#### About this task:
Go through the listing and copy every line word for word.

#### Data provided:
▼▼▼

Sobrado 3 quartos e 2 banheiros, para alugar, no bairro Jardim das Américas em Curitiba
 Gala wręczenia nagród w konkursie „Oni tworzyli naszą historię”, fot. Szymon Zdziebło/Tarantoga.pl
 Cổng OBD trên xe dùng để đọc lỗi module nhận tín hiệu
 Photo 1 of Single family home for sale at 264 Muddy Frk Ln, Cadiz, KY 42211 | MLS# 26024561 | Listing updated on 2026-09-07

▲▲▲

#### Written response:
Sobrado 3 quartos e 2 banheiros, para alugar, no bairro Jardim das Américas em Curitiba
 Gala wręczenia nagród w konkursie „Oni tworzyli naszą historię”, fot. Szymon Zdziebło/Tarantoga.pl
 Cổng OBD trên xe dùng để đọc lỗi module nhận tín hiệu
 Photo 1 of Single family home for sale at 264 Muddy Frk Ln, Cadiz, KY 42211 | MLS# 26024561 | Listing updated on 2026-09-07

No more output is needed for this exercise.